Le 8 mars 2020

Pourquoi est-ce si malaisé de dire “malaisant” ?

L’utilisation de ce mot reste souvent associée à un langage jeune, voire incorrect. Par exemple, un correcteur orthographique le soulignera. Pourquoi donc les Français semblent-ils si frileux à employer et reconnaître le mot « malaisant » comme un mot quelconque ? Tandis que les Canadiens l’utilisent fréquemment ? Il a émergé également dans d’autres pays francophones. En France, avant même d’être institutionnalisé, il apparaissait ponctuellement dans les médias et les critiques de films.

En fait, son énonciation accentue un sentiment de gêne extrême, en portant le jugement d’un regard extérieur à la situation en question.

Des images viennent en mémoire, évoquant des situations incongrues, ridicules ou déplacées : publicités ou selfies ratés, chorales de personnalités politiques ou confidences mièvres.
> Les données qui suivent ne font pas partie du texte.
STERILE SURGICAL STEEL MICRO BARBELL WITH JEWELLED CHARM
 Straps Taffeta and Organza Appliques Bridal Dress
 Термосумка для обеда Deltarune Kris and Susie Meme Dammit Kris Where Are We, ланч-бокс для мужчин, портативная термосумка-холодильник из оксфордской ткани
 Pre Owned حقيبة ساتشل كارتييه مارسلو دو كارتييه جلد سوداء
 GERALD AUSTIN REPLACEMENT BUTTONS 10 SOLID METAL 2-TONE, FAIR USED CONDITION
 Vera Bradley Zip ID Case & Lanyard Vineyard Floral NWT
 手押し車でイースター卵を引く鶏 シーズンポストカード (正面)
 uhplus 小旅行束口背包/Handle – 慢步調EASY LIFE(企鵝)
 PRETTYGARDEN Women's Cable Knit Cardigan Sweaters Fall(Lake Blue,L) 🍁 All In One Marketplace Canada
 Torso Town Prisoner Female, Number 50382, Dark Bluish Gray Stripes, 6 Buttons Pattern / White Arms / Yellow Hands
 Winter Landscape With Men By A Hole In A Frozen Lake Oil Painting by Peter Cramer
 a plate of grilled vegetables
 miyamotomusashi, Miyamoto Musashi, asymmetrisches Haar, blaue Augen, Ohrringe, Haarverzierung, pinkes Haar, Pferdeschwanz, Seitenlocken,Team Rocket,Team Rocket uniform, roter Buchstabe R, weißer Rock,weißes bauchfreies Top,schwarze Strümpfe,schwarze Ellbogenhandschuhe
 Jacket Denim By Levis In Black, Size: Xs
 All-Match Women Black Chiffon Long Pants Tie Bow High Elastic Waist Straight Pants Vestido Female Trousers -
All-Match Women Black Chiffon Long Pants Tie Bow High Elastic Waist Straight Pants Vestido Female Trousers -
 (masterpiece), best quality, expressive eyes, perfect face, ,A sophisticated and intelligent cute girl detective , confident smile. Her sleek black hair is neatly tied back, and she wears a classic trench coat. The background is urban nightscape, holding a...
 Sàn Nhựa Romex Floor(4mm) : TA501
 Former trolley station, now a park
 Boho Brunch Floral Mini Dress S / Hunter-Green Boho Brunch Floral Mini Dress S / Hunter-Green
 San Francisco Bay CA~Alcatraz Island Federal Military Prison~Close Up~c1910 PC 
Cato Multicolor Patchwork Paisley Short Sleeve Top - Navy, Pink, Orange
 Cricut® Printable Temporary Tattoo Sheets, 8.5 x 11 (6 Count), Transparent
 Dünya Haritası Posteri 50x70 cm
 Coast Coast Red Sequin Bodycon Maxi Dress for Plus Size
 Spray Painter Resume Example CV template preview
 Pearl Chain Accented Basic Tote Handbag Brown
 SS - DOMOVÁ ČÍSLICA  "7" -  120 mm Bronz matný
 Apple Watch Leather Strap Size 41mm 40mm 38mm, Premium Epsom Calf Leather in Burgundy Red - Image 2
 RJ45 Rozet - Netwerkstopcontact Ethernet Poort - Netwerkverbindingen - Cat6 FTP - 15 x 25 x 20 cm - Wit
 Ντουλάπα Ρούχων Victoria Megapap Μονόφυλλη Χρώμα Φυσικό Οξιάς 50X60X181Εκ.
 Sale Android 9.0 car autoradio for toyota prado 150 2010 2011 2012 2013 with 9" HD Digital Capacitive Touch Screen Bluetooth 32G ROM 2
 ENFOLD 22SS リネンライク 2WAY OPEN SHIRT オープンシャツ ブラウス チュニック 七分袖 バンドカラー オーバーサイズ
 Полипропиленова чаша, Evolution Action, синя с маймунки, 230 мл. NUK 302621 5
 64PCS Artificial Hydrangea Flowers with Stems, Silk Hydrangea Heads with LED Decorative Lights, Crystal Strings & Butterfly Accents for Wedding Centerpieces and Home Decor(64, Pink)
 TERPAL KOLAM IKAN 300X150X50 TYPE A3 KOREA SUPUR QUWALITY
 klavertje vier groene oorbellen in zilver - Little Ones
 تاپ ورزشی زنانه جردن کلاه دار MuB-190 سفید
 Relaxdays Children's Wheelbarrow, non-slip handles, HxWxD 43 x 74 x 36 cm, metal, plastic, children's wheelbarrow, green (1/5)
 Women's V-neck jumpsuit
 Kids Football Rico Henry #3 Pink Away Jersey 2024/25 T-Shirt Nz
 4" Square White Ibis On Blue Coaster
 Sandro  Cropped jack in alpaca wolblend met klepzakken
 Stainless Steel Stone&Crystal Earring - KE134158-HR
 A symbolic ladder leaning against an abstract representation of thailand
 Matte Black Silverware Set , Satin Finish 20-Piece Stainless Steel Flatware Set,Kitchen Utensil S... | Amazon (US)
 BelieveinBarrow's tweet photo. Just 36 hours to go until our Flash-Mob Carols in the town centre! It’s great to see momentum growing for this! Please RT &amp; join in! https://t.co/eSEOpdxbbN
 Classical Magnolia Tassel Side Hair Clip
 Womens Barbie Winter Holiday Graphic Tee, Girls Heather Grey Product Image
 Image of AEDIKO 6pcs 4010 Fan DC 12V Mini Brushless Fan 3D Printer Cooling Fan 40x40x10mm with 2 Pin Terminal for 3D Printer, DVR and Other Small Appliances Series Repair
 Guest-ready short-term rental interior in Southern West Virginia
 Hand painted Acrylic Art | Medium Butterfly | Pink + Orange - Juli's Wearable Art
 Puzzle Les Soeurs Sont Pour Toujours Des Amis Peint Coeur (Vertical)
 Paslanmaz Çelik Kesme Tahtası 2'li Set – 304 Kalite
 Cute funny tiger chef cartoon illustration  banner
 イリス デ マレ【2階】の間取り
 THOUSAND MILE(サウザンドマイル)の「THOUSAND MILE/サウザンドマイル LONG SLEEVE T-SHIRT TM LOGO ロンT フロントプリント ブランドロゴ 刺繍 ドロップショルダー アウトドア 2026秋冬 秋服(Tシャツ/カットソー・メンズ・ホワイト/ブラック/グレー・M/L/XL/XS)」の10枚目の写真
Mais le mot s’entend rarement prononcé. On dira simplement que cela met “mal à l’aise”, reprenant la définition du mot.

Le mot a été prononcé récemment dans l’affaire Griveaux. « Malaisant et décevant », a dit la principale protagoniste, face caméra.

Si le mot “malaisant” réapparaît dans le dictionnaire français, c’est parce qu’il en avait disparu. Le verbe « malaiser » a bien existé entre le XIVe et le XIXe siècle. Le verbe, dérivé du nom « malaise » désigne à ce moment-là une opposition au fait d’être à l’« aise ».

La difficulté, et c’est le cas de le dire, vient de sa proximité avec un mot qui lui ressemble : « malaisé ». « Malaisé » lui, ne se construit pas à partir de “malaise”, mais de « mal » et « aisé ». Représentant quelque chose de difficile, il est attesté depuis le XVIe siècle. L’usage du terme « malaisant » fait donc de ce mot un revenant.

Pratique, générateur d’émotions désagréables, tout en étant prononcé avec une pointe de jubilation parfois. Ce mot n’est difficile à employer que si on le décide.